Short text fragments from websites
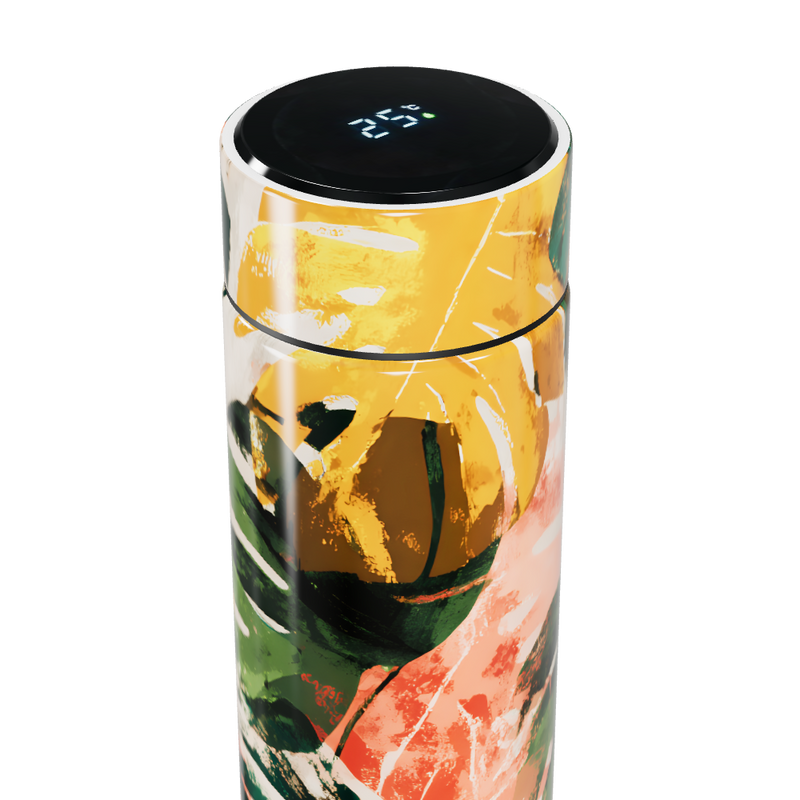 Garrafa Térmica Touch - Estampa Tropical Colorida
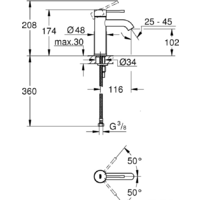 Grohe Essence New 23590GN1 (холодный рассвет, матовый) Image #2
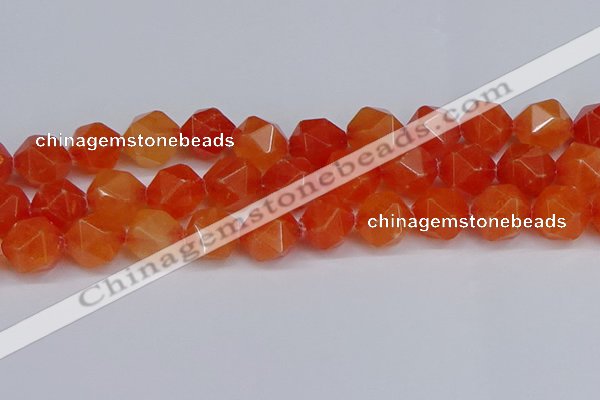 CNG6291 15.5 inches 14mm faceted nuggets candy jade beads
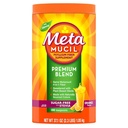 Metamucil Premium Blend, 4- in-1 Fiber Supplement for Digestive Health, Psyllium Husk Fiber Powder, Sugar- Free with Stevia, Plant- based Fiber Supplement, Orange Flaured, 180 lžiček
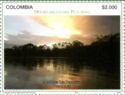 Sunset View of Putumayo River at Puerto Assis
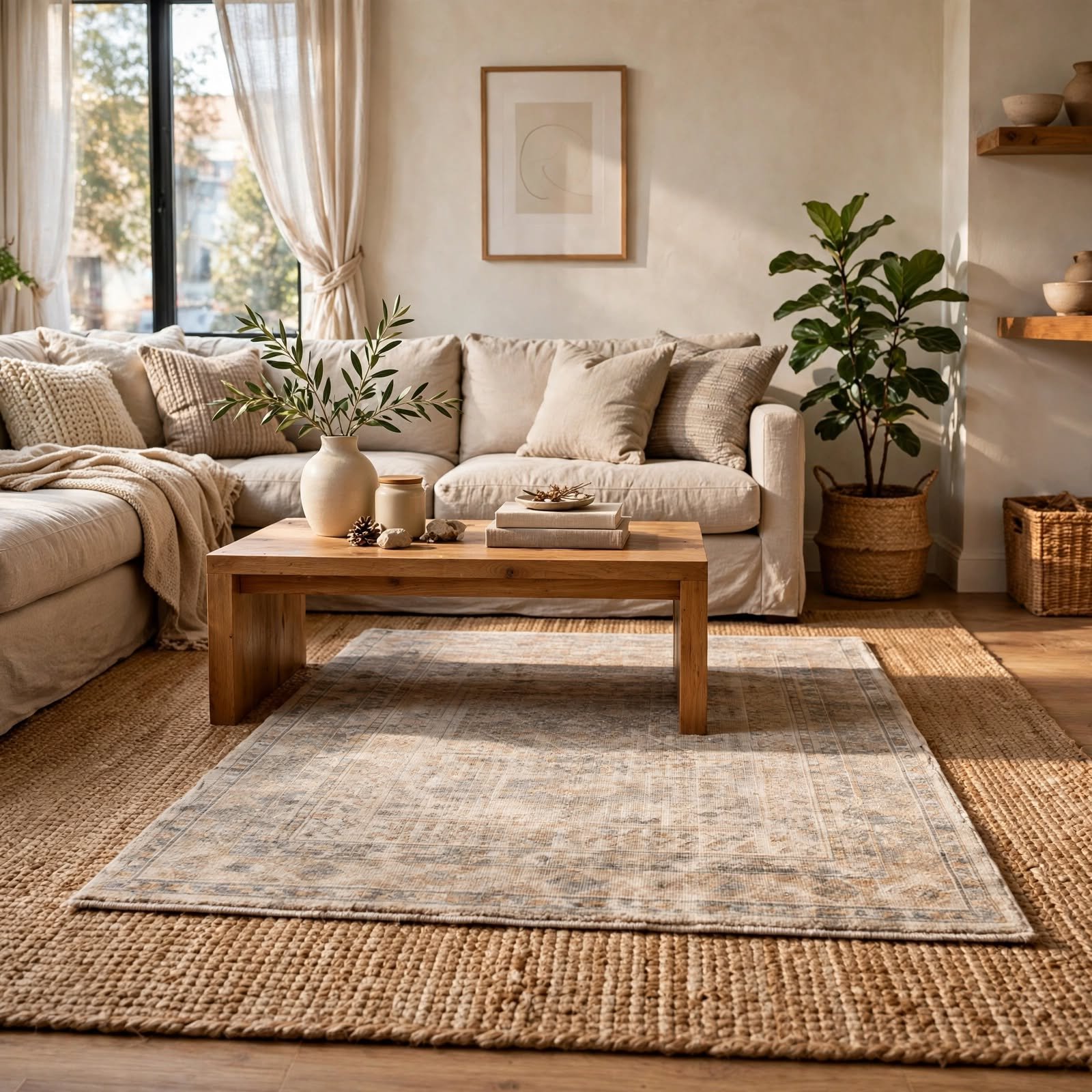 3. Layered Rug Technique for Apartment Decor Inspiration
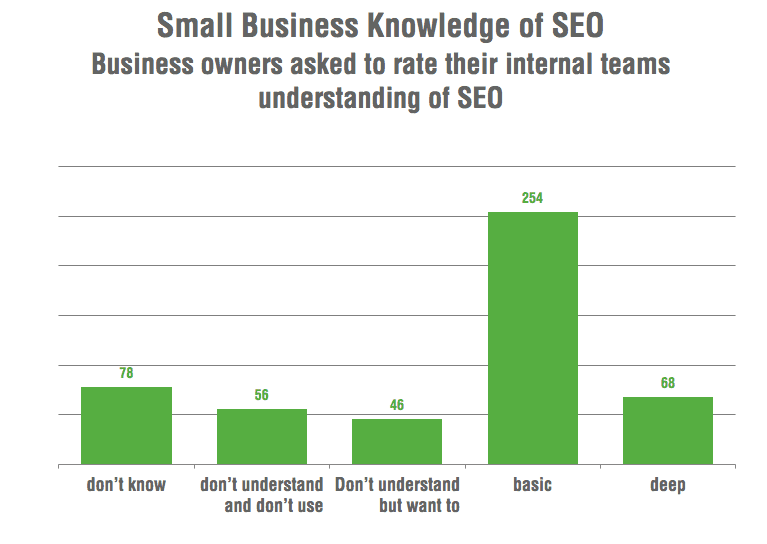 small business understanding of SEO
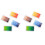 2Pcs Plastic Case Rainbow Ink Pads with Kids Stamp Set for Craft Use 10
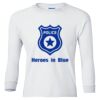 Ultra Cotton® Youth Long Sleeve T-Shirt. Thumbnail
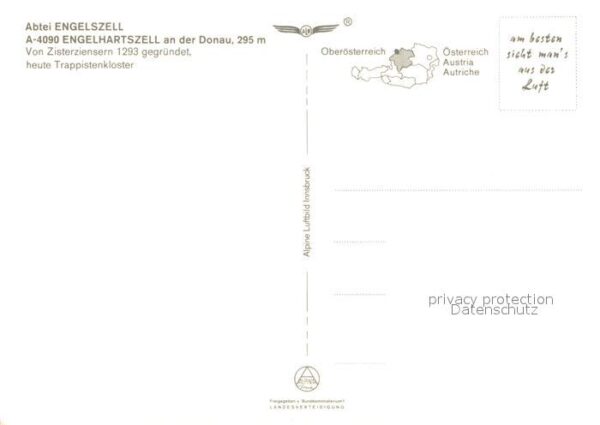 Engelhartszell Donau Oberoesterreich Abtei Engelszell Fliegeraufnahme – Bild 2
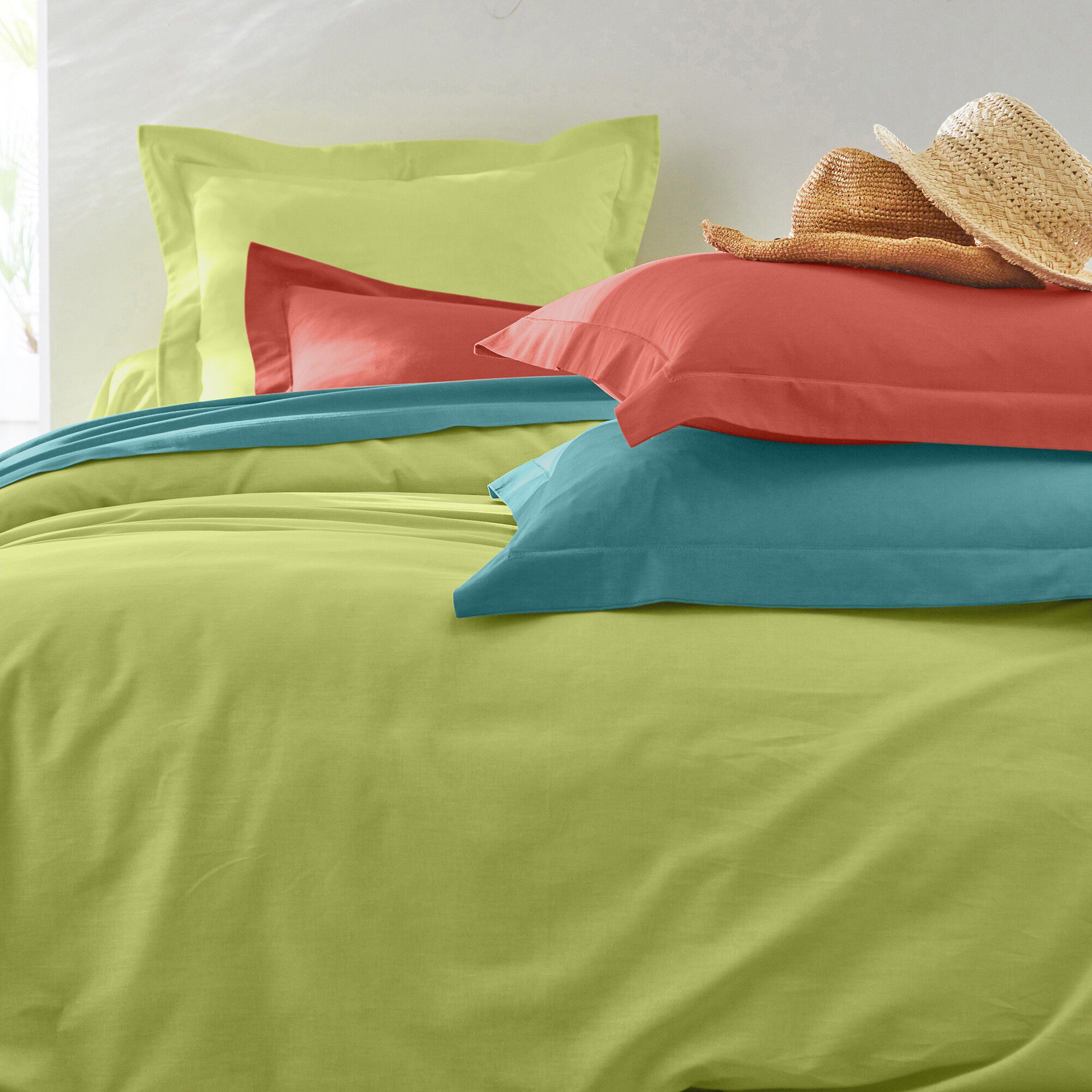 Linge de lit uni coton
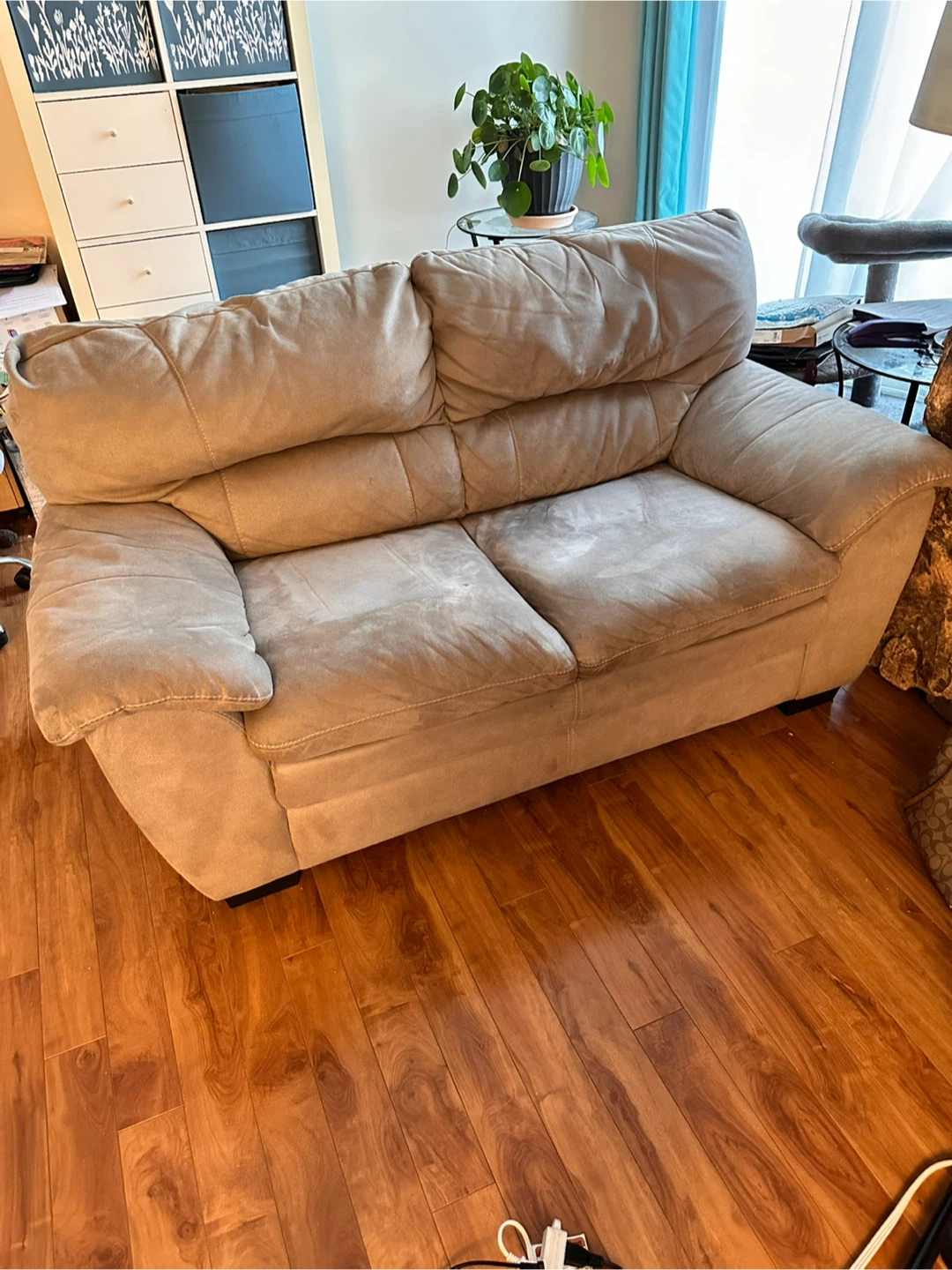 Beige Sofa & Loveseat - Great Condition! - photo 3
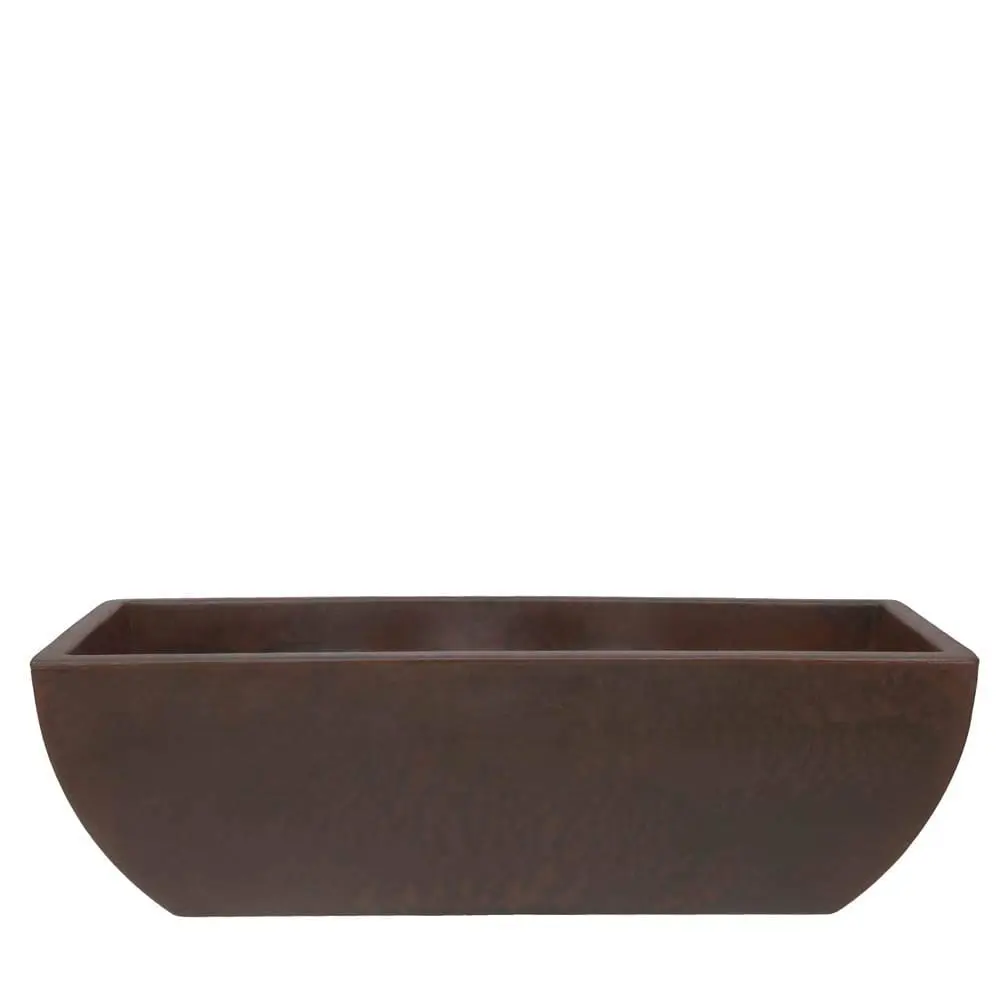 Floreira Malta 80 X 25 Cm Rusty Vasart Malta Rusty 80x25cm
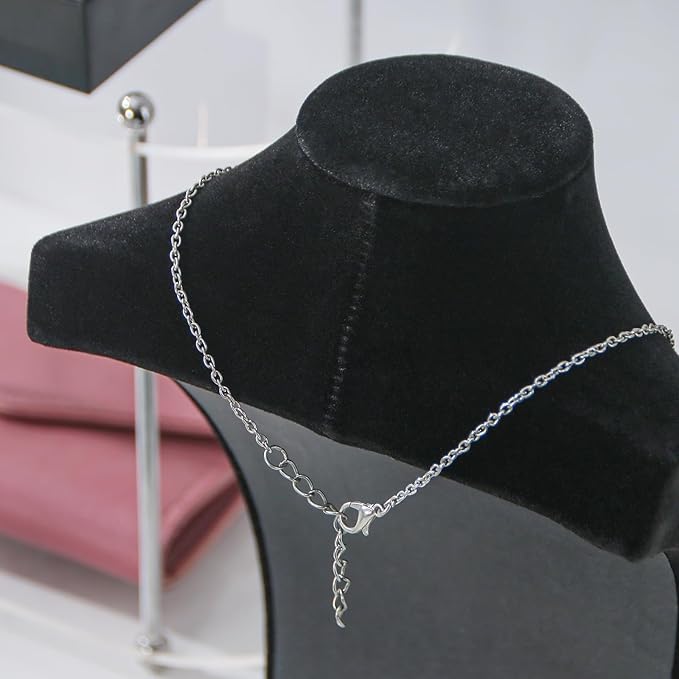 Necklace Bust Stand for Selling, Jewelry Necklace Organizer Rack for Home Use - Image 3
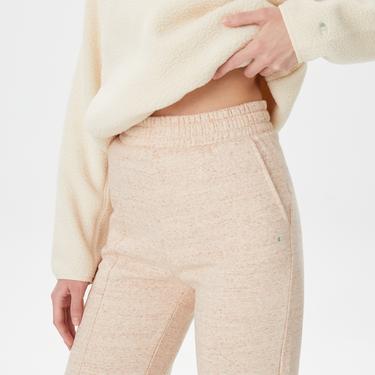  Champion Wide Leg Kadın Krem Rengi Eşofman Altı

- _DESCRIPTION OF THE TASK_: Leave out the pictures and restate, word for word, the lines from the top of the data through the line containing "3. Layered Rug", both included.

- _TASK SOLUTION_:
 Garrafa Térmica Touch - Estampa Tropical Colorida
 Grohe Essence New 23590GN1 (холодный рассвет, матовый) Image #2
 CNG6291 15.5 inches 14mm faceted nuggets candy jade beads
 Metamucil Premium Blend, 4- in-1 Fiber Supplement for Digestive Health, Psyllium Husk Fiber Powder, Sugar- Free with Stevia, Plant- based Fiber Supplement, Orange Flaured, 180 lžiček
 Sunset View of Putumayo River at Puerto Assis
 3. Layered Rug Technique for Apartment Decor Inspiration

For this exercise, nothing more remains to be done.